Evaluation and Rules

Challenge Tracks

For the 1st BEHAVIOR-1K Challenge, We will have the following two tracks for the 1st challenge:

Standard track: Participants are restricted to using the state observations we provided in the demonstration dataset for their policy models.
- RGB + depth + segmentation (semantic, instance, instance id) + proprioception information (Note that robot global poses are NOT allowed)
- No object state
Privileged information track: Participants are allowed to query the simulator for any privileged information, such as target object poses, full-scene point cloud (Note: point cloud obtained from on-board vision sensor (e.g. estimated through rgbd) is fine for stanford track), robot global poses, etc, and use such information for the policy models.

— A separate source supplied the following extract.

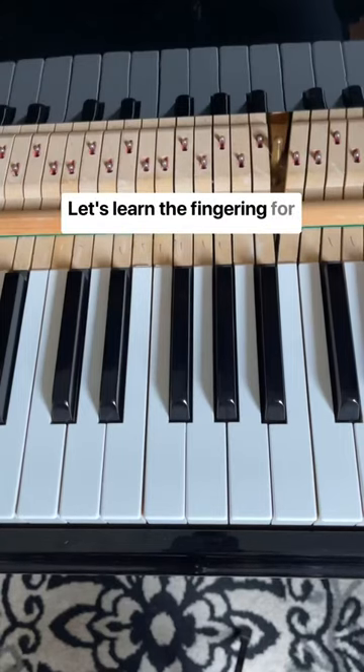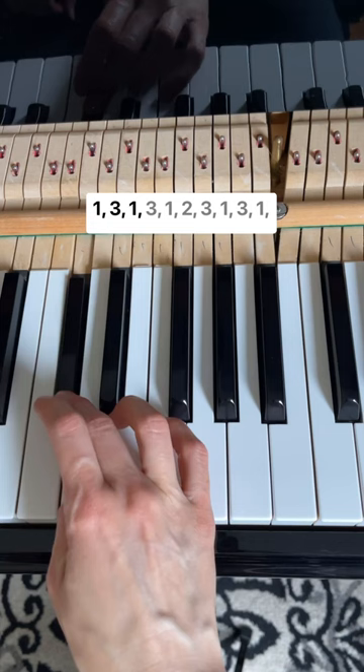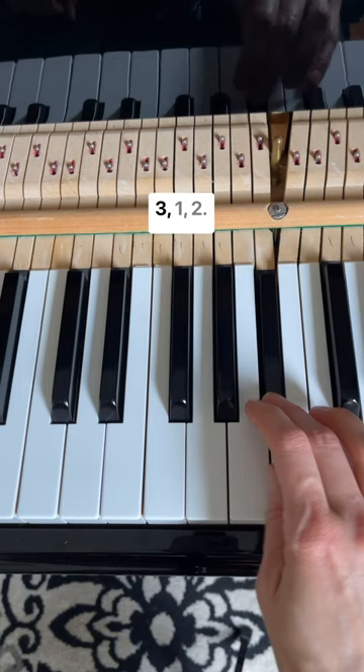Let's learn the fingering for a chromatic scale. 1, 3, 1, 3, 1, 2, 3, 1, 3, 1, 3, 1, 2.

For both tracks, you are allowed to use privileged information during training (e.g. other observation modalities, task info, etc.), so long as you are not using them during standard track evaluation. BDDL task definitions can be used for both tracks and are identical during evaluation. You may also collect additional data yourself (via teleoperation, RL, scripted policies, etc.) for both tracks. However, you may not collect data on evaluation instances, as these are reserved for testing the generalization capability of your submitted policy.

There are no restrictions on the type of policy used for either track. Methods such as IL, RL, or TAMP are all allowed. Additional components like SLAM or LLM-based querying are also permitted.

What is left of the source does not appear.